Source material:
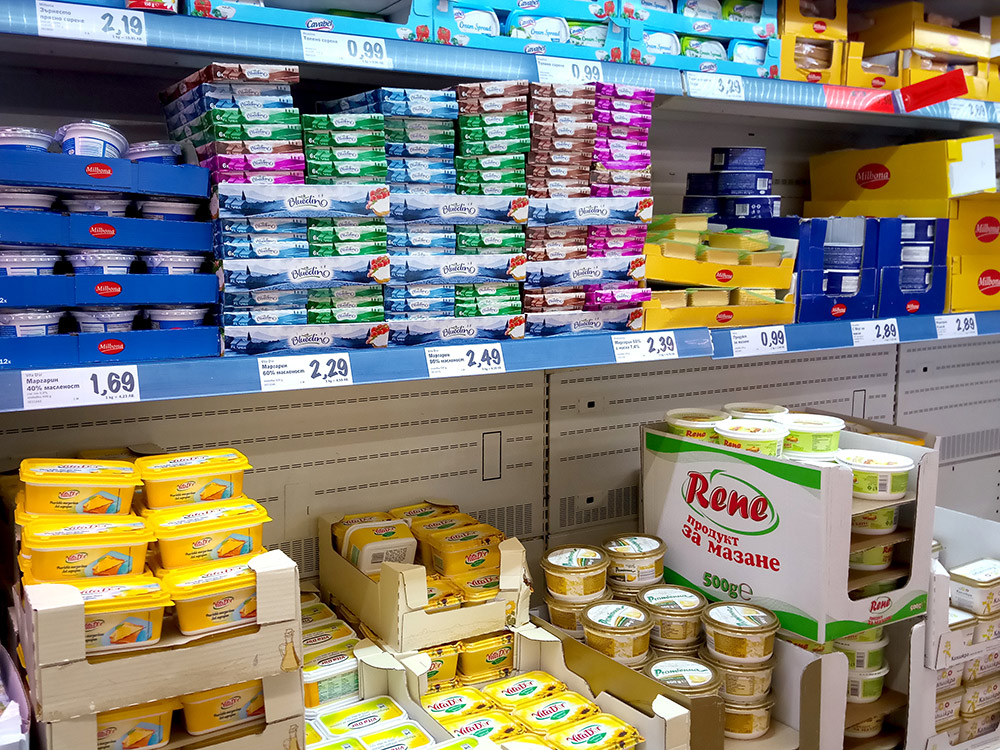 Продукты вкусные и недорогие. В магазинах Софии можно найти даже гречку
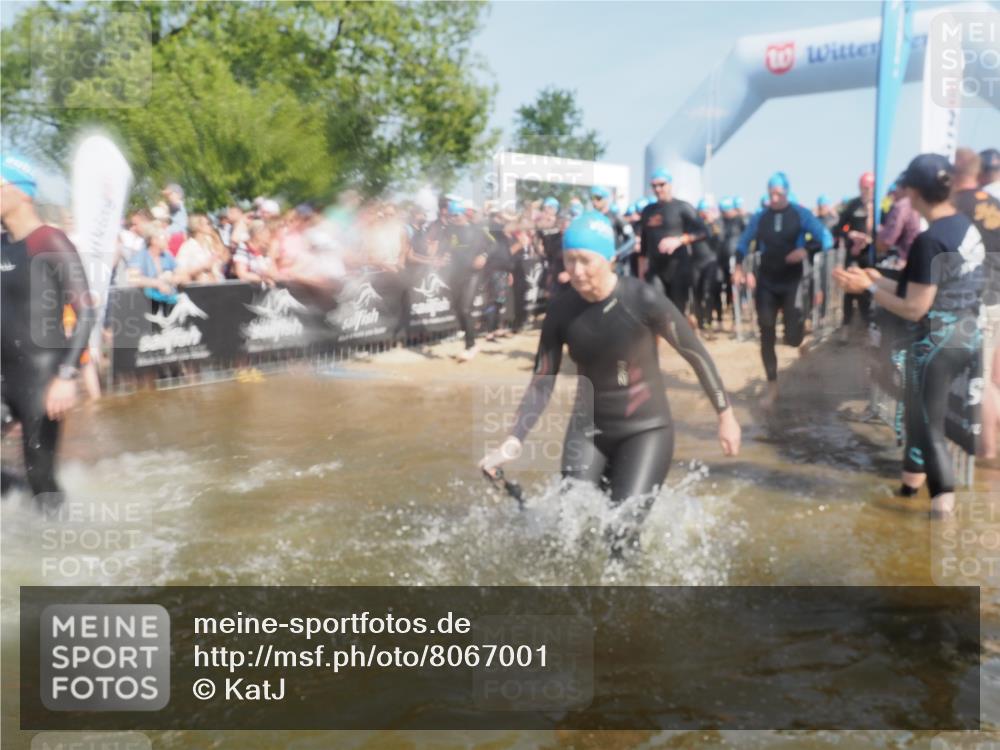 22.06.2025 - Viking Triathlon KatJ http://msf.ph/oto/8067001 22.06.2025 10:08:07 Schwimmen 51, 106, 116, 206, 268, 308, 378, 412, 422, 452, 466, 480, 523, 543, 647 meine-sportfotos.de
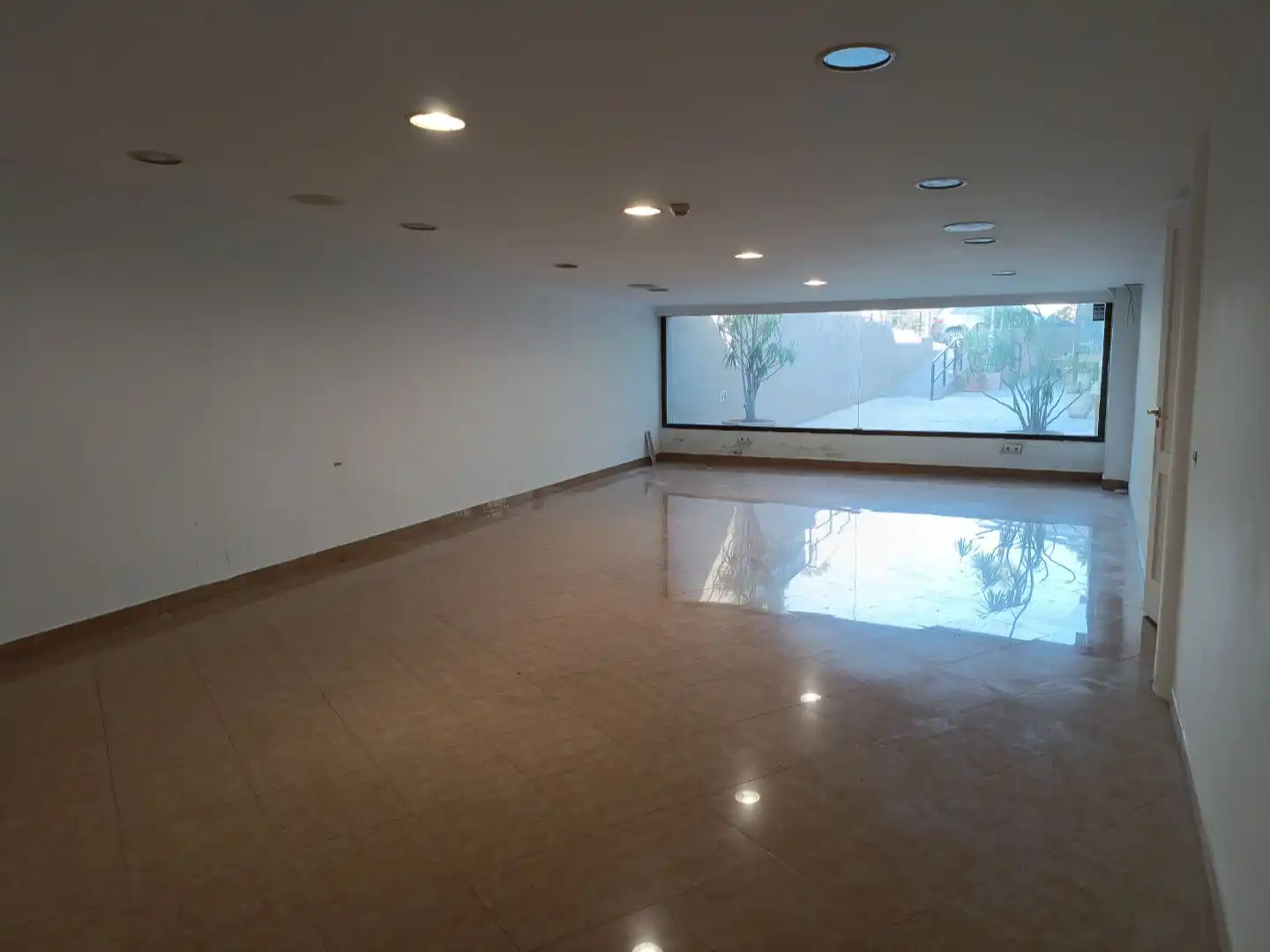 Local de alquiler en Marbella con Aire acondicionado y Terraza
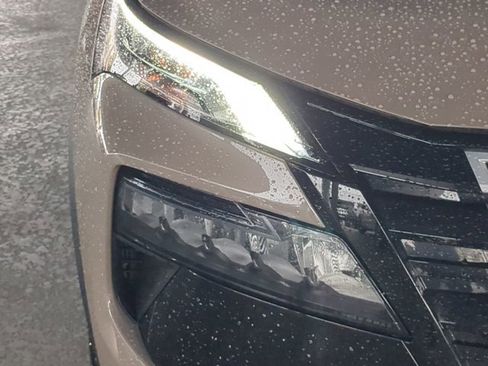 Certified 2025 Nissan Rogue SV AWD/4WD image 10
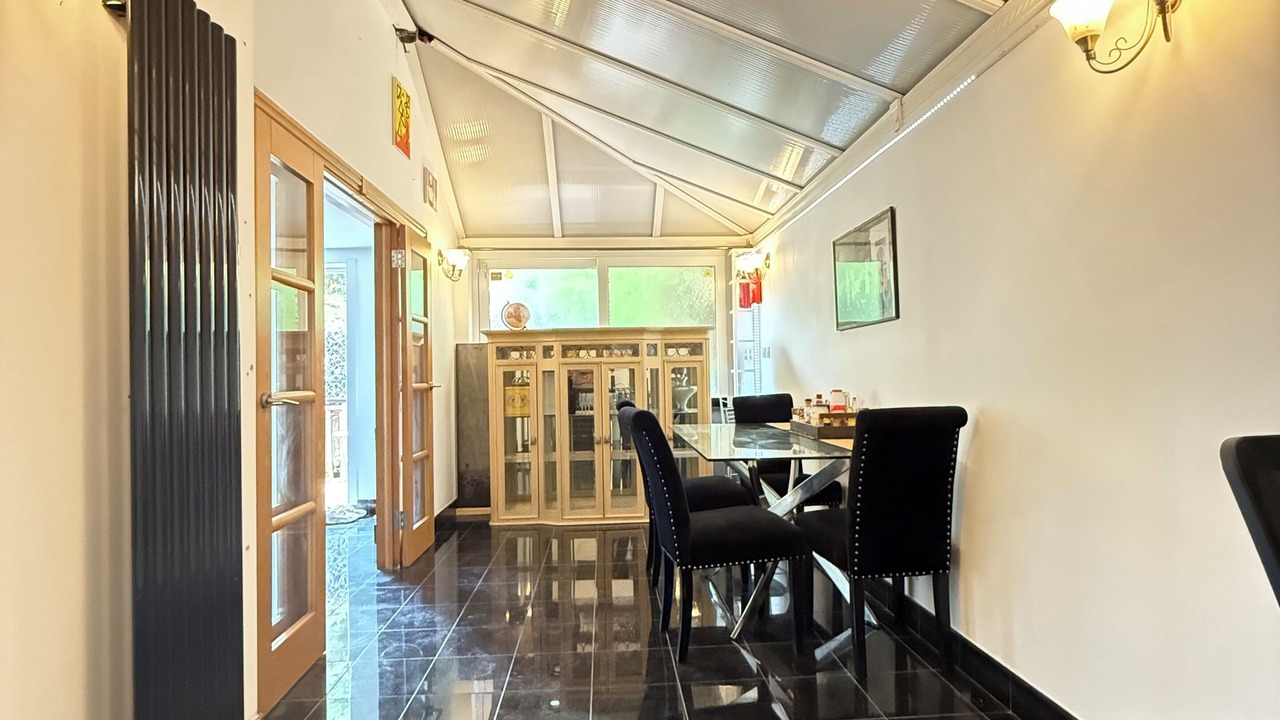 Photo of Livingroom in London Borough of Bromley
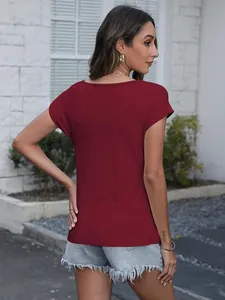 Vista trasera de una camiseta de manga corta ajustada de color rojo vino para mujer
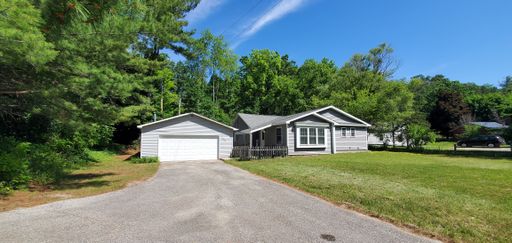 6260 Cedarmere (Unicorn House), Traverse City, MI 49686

What is being asked: Your reply should be the entries copied exactly, with all images omitted.

Result of this exercise:
 Продукты вкусные и недорогие. В магазинах Софии можно найти даже гречку
 22.06.2025 - Viking Triathlon KatJ http://msf.ph/oto/8067001 22.06.2025 10:08:07 Schwimmen 51, 106, 116, 206, 268, 308, 378, 412, 422, 452, 466, 480, 523, 543, 647 meine-sportfotos.de
 Local de alquiler en Marbella con Aire acondicionado y Terraza
 Certified 2025 Nissan Rogue SV AWD/4WD image 10
 Photo of Livingroom in London Borough of Bromley
 Vista trasera de una camiseta de manga corta ajustada de color rojo vino para mujer
 6260 Cedarmere (Unicorn House), Traverse City, MI 49686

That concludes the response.